TASK PROMPT: What the answer must hold is the line containing "11 011. JPG" and all lines after it through the end of the listing, copied exactly, with pictures left out.

EXCERPTED DATA:

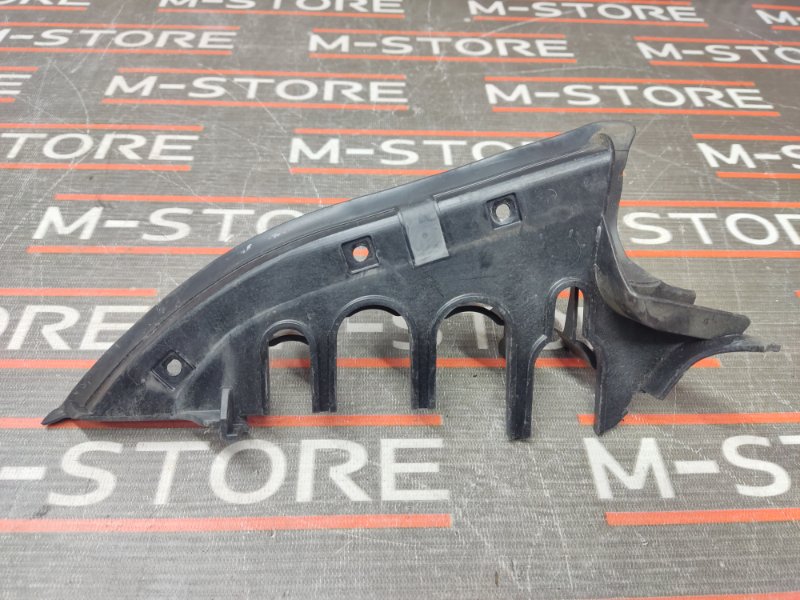 Уплотнитель печки, 190 рублей, Красноярск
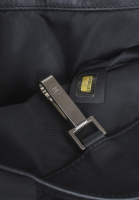 Шерстяная сумка-тоут Chanel 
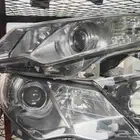 شمعات كامري 2013 الي 2014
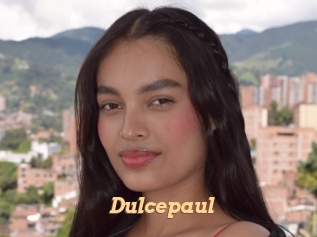 Dulcepaul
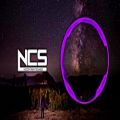 عکس NIVIRO - You [NCS Release]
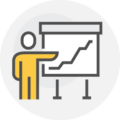 Formazione qualificata per professionisti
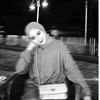 thisisbungsu7
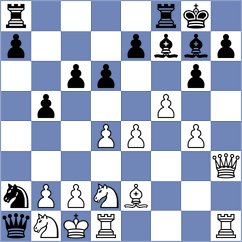 Schoening - Flessner (Verden, 2001)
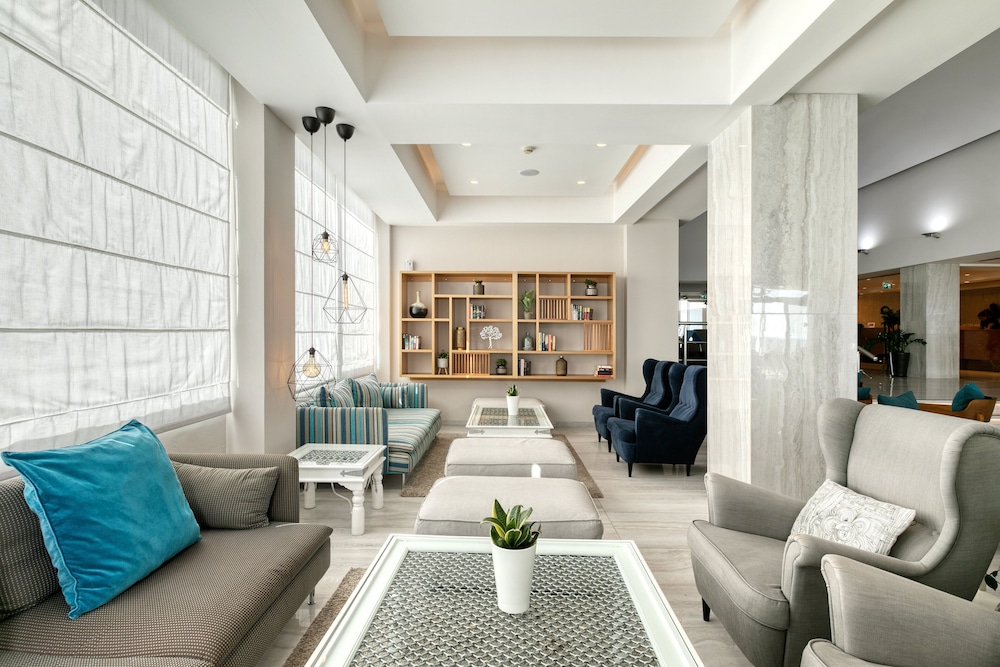 atlantica sea breeze adults only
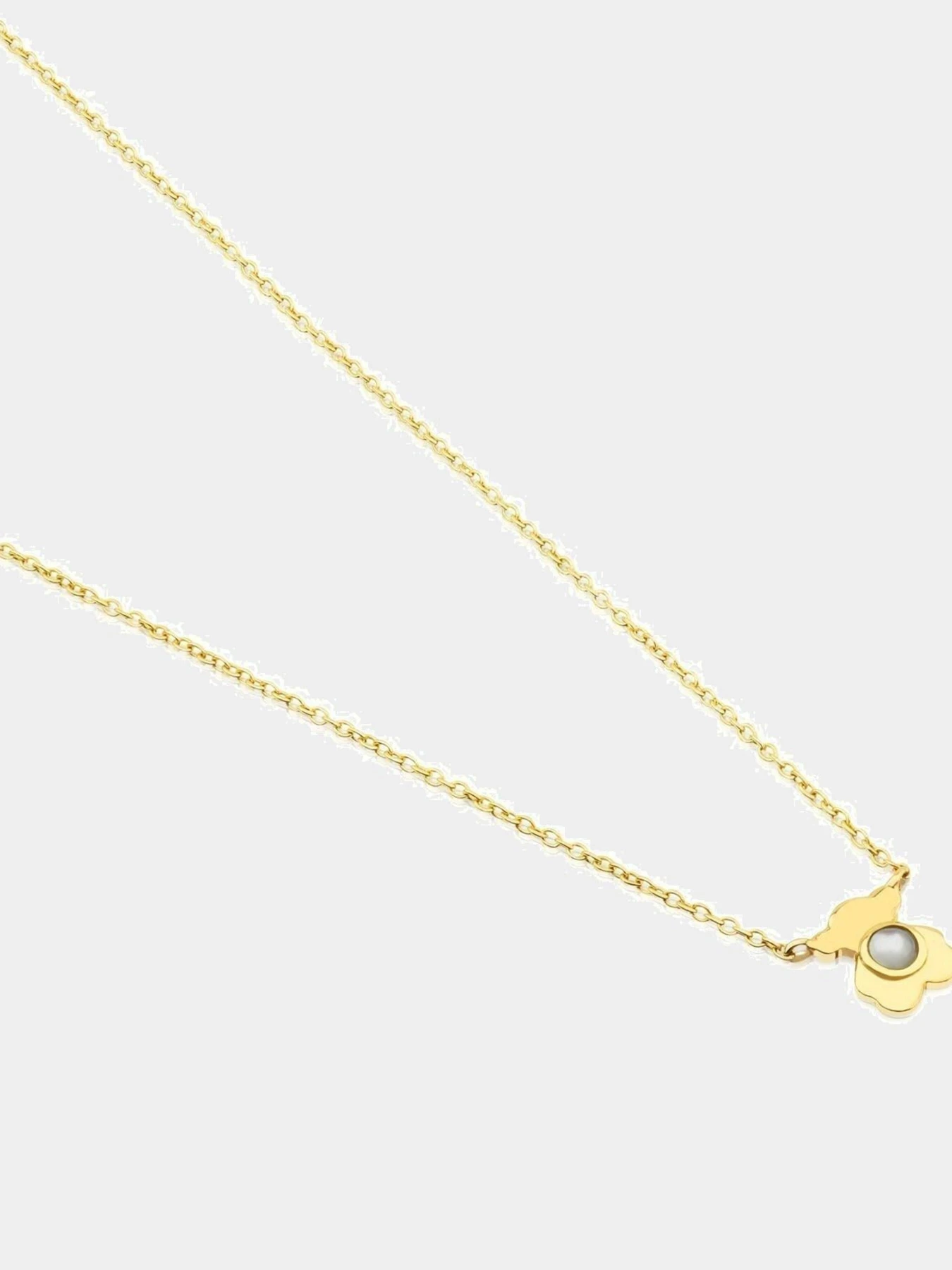 Кольє TOUS модель 812442070 Фото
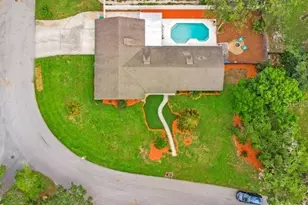 4033 Tenita Dr, Winter Park, FL 32792 - Photo 34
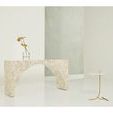Product Image 6 for Tranquility Rose Quartz Accent Table from Universal Furniture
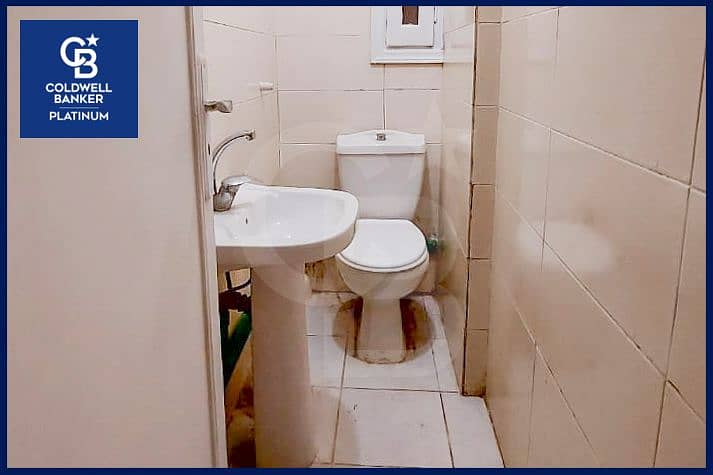 11 011. JPG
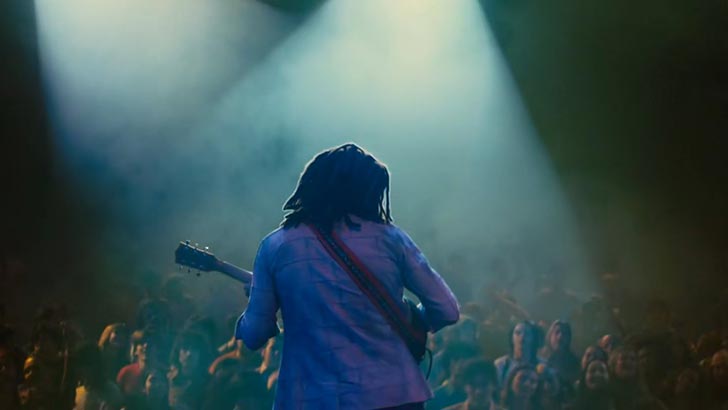 Žiūrėti vaizdo įrašą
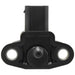 Turbocharger Boost Sensor WVE 5S11651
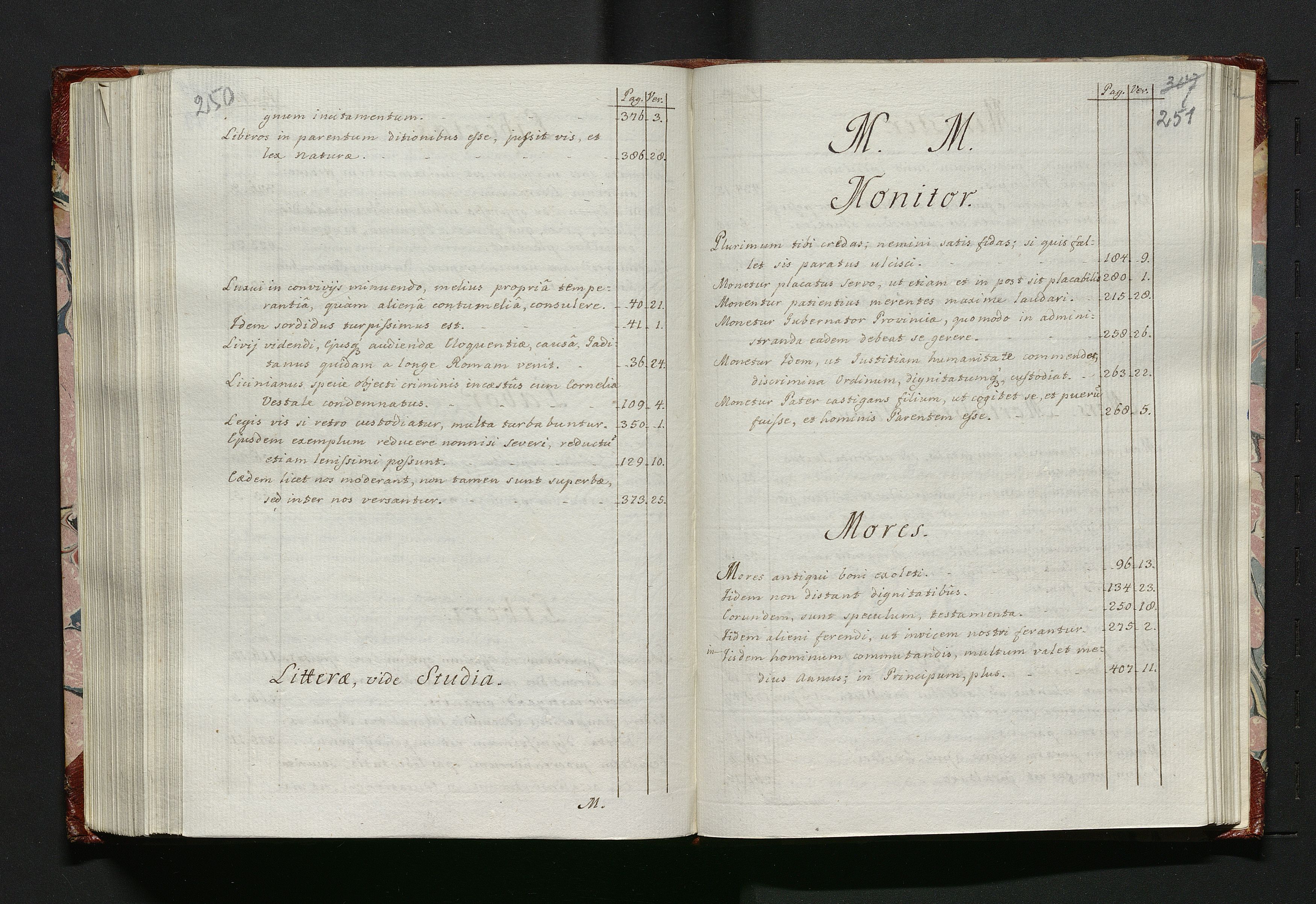 1_335_0_0_123-3_0129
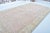 Rug & Kilim 1960s Pale Pink Natural Vintage Area Carpet For Sale - Image 4 of 11
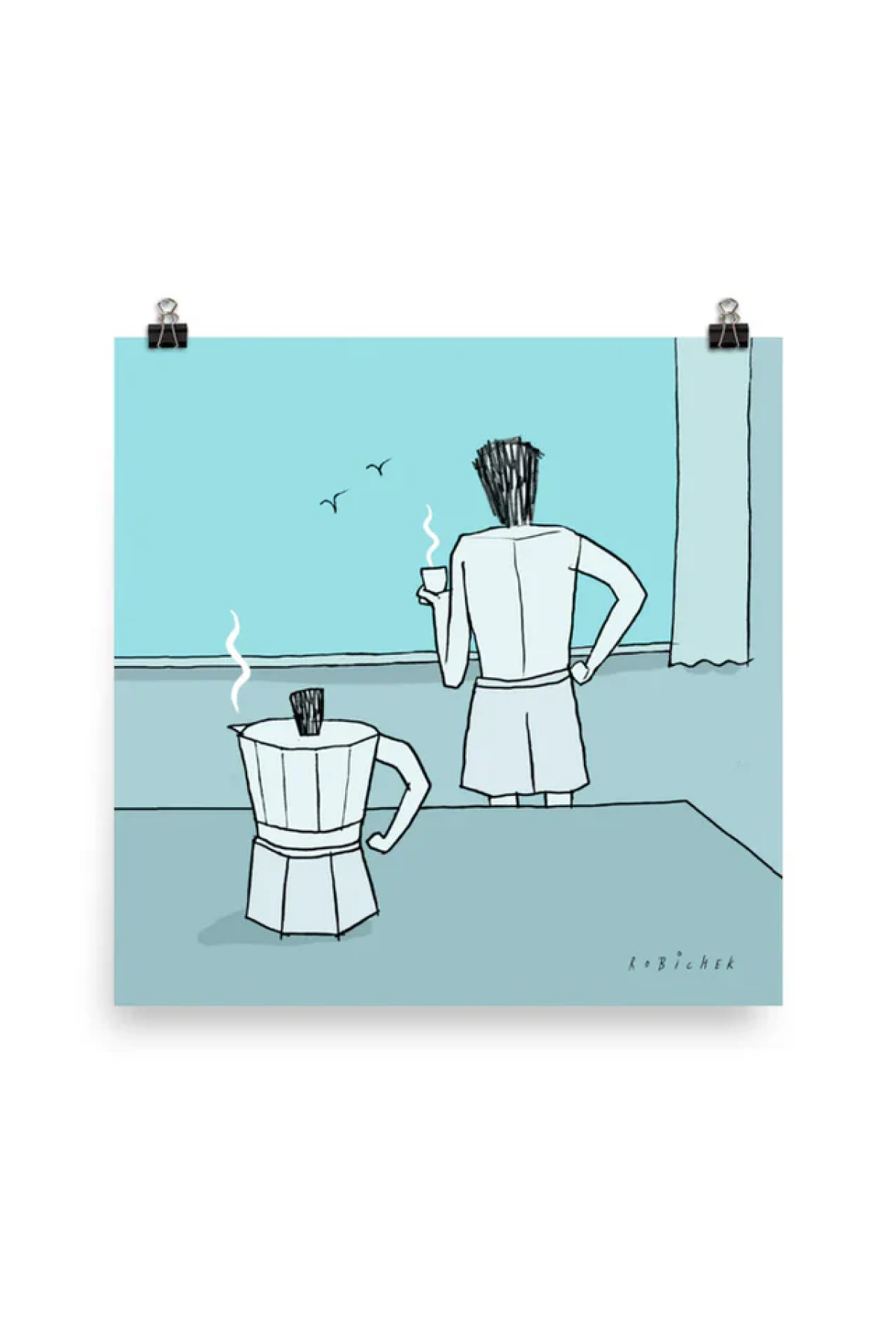 יובל רוביצ'ק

WRITTEN SOLUTION:
 11 011. JPG
 Žiūrėti vaizdo įrašą
 Turbocharger Boost Sensor WVE 5S11651
 1_335_0_0_123-3_0129
 Rug & Kilim 1960s Pale Pink Natural Vintage Area Carpet For Sale - Image 4 of 11
 יובל רוביצ'ק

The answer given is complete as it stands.